Work to complete —
Transcribe the data that follows in full. Leave out the pictures.
==========
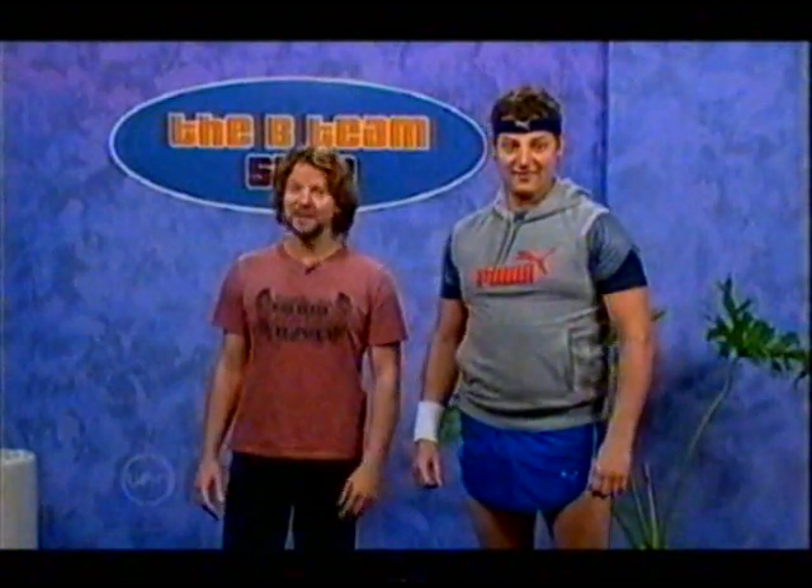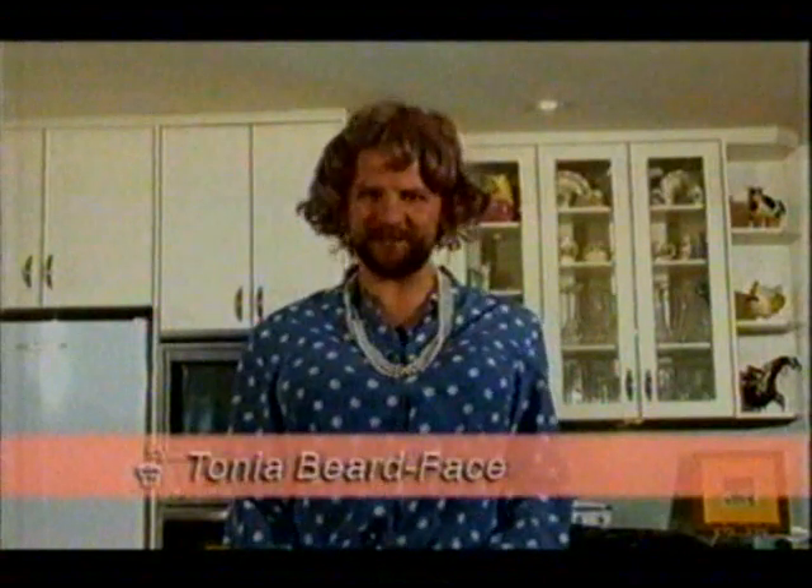Now it's time for a fabulous cooking segment. Oh, hello there. I'm Tanya Beardface, and welcome to Shabby Shit.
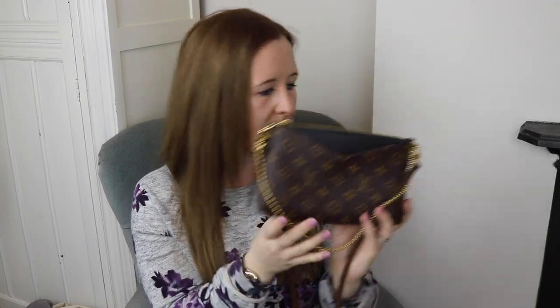Hey guys, welcome to today's video which has taken me ages to get around to — I do apologize. Today's video has two parts. It is the Palace Clutch Review, the video I've been promising for ages. I'm really excited to do this because this is a brilliant bag and I want to tell you all about it.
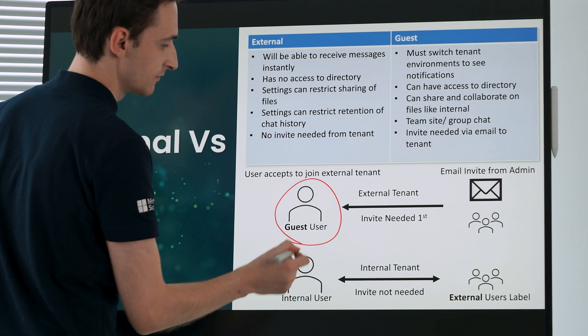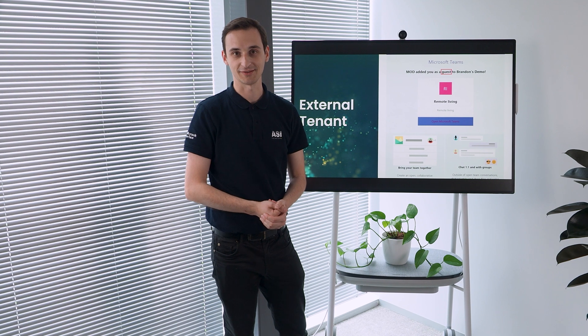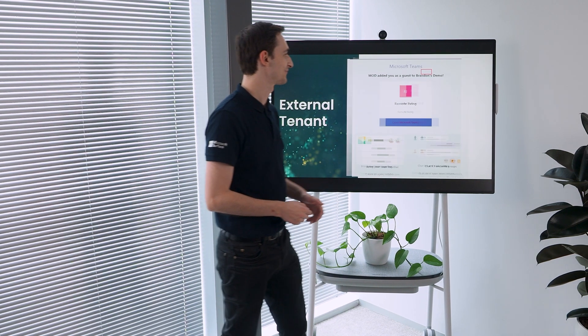Surface Hub even allows you to remotely control your PC using touch and pen input. This allows you to stand up at the screen and away from your laptop, but to still control the flow of your meeting.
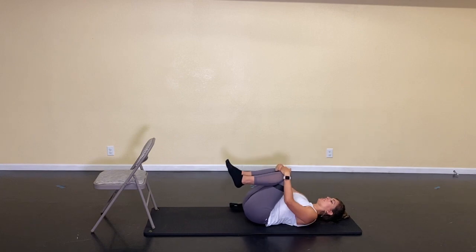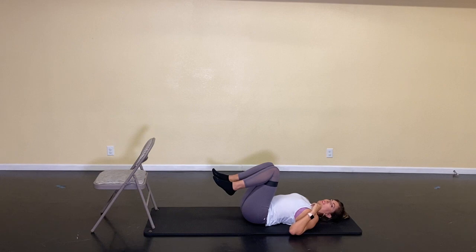Hug your knees into your chest, sway side to side and get some of that tension out. You've got to do the other side — let's do it.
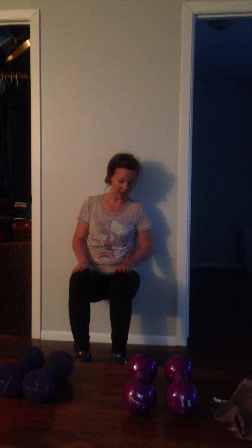Then I do wall sits — about 25 to 30 seconds depending on how long you can hold it when you first start. Just sit against a wall so that your thighs are parallel to the floor. When you're done with your 25 to 30 seconds, bring one leg up and cross it like this, put your arms like this, and hold that for 25 to 30 seconds. Then do the other leg and hold that for 25 to 30 seconds.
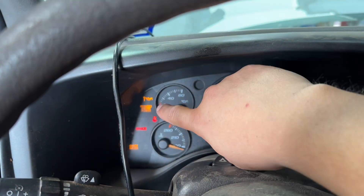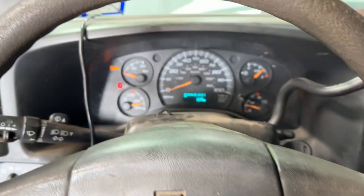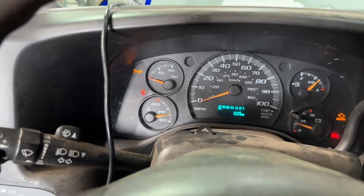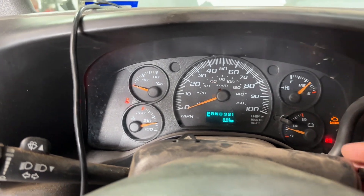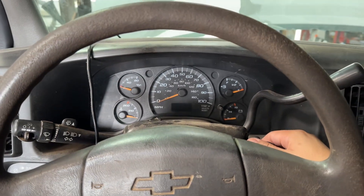In today's video I'm going to show you how to reset the oil change light on this Chevy Trailblazer. We have our gas pedal — open up the key and hit the gas pedal three times. After that the light is going to go off. Turn the key back off, then turn it back on. You can even turn on the vehicle and the light should be off.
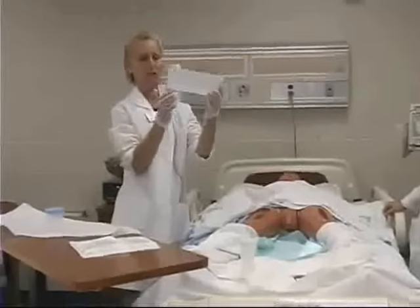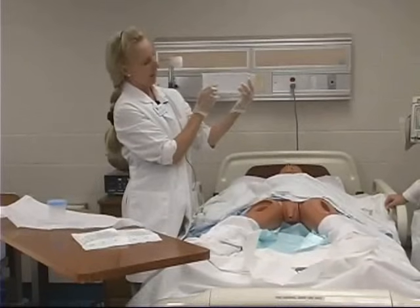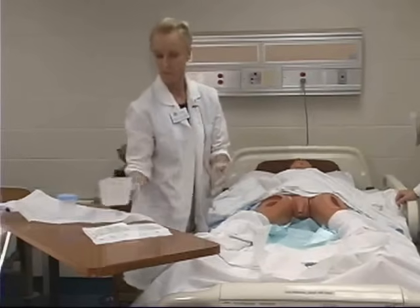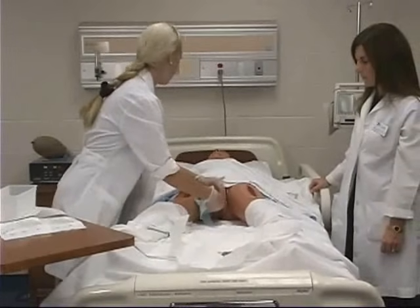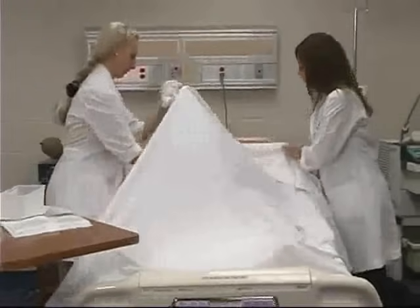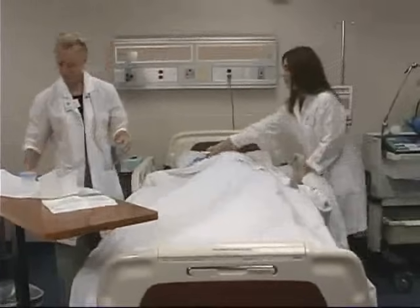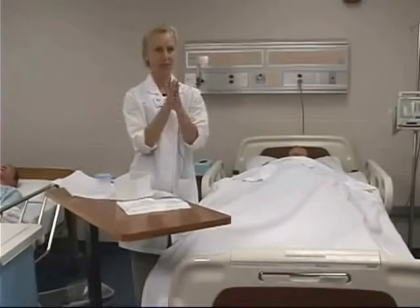The rest of the urine in here you can measure and then discard it in the toilet. Make note of how many cc's total of urine, the color of the urine, and the clarity of the urine. Make sure your patient's doing fine and cover him up. After you've discarded everything and taken care of your urine specimen, always make sure that you wash your hands again when you're done.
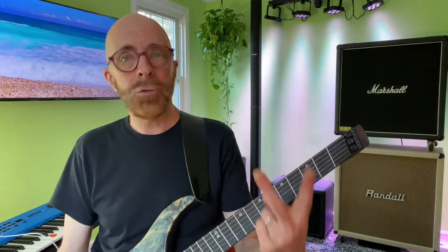Here's how it breaks down. We have three kinds of seventh chords: majors, dominants, and minors. Now, dominant is major. So really, we have two major kinds of seventh chords and one minor kind of seventh chord.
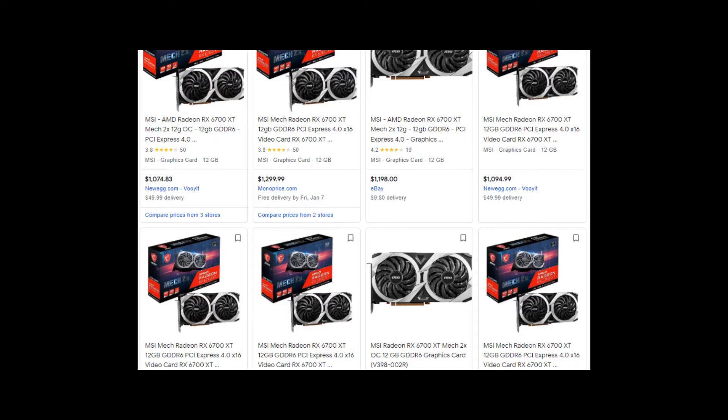Talking about the price, this one is $800 if you can find one. If not, you have to buy it from a third party, and as you can see, the price can go up to $1,300.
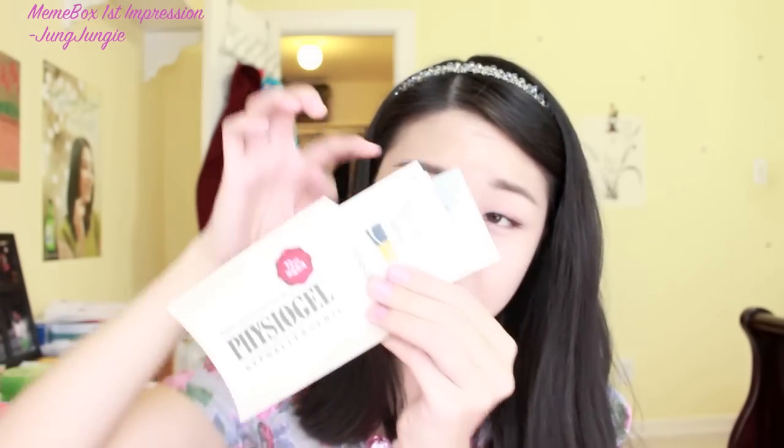For the eighth product, it is a pouch sample — the Physio Gel Pouch Sample Mix. It comes in a box and what it has is a cleanser, a lotion, a cream, and an intensive repair cream. All of them come in individual samples.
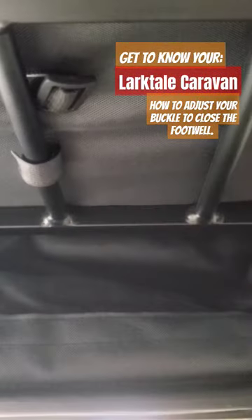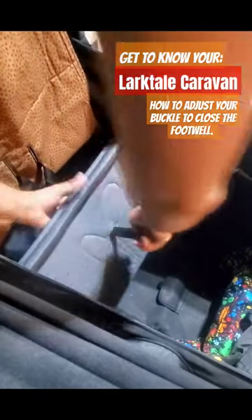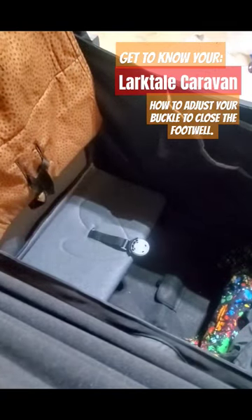Straight out of the box, your straps will come threaded through both seats. So when you want to close off your footwell, you'll go underneath your wagon and back-thread the buckle, then finish pulling the strap through. Now you have your footwell flap free to close, and this can stay like this — you don't need to re-thread it.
==========
Response —
Now it's time for a fabulous cooking segment. Oh, hello there. I'm Tanya Beardface, and welcome to Shabby Shit.
Hey guys, welcome to today's video which has taken me ages to get around to — I do apologize. Today's video has two parts. It is the Palace Clutch Review, the video I've been promising for ages. I'm really excited to do this because this is a brilliant bag and I want to tell you all about it.
Surface Hub even allows you to remotely control your PC using touch and pen input. This allows you to stand up at the screen and away from your laptop, but to still control the flow of your meeting.
Hug your knees into your chest, sway side to side and get some of that tension out. You've got to do the other side — let's do it.
Then I do wall sits — about 25 to 30 seconds depending on how long you can hold it when you first start. Just sit against a wall so that your thighs are parallel to the floor. When you're done with your 25 to 30 seconds, bring one leg up and cross it like this, put your arms like this, and hold that for 25 to 30 seconds. Then do the other leg and hold that for 25 to 30 seconds.
In today's video I'm going to show you how to reset the oil change light on this Chevy Trailblazer. We have our gas pedal — open up the key and hit the gas pedal three times. After that the light is going to go off. Turn the key back off, then turn it back on. You can even turn on the vehicle and the light should be off.
The rest of the urine in here you can measure and then discard it in the toilet. Make note of how many cc's total of urine, the color of the urine, and the clarity of the urine. Make sure your patient's doing fine and cover him up. After you've discarded everything and taken care of your urine specimen, always make sure that you wash your hands again when you're done.
Here's how it breaks down. We have three kinds of seventh chords: majors, dominants, and minors. Now, dominant is major. So really, we have two major kinds of seventh chords and one minor kind of seventh chord.
Talking about the price, this one is $800 if you can find one. If not, you have to buy it from a third party, and as you can see, the price can go up to $1,300.
For the eighth product, it is a pouch sample — the Physio Gel Pouch Sample Mix. It comes in a box and what it has is a cleanser, a lotion, a cream, and an intensive repair cream. All of them come in individual samples.
Straight out of the box, your straps will come threaded through both seats. So when you want to close off your footwell, you'll go underneath your wagon and back-thread the buckle, then finish pulling the strap through. Now you have your footwell flap free to close, and this can stay like this — you don't need to re-thread it.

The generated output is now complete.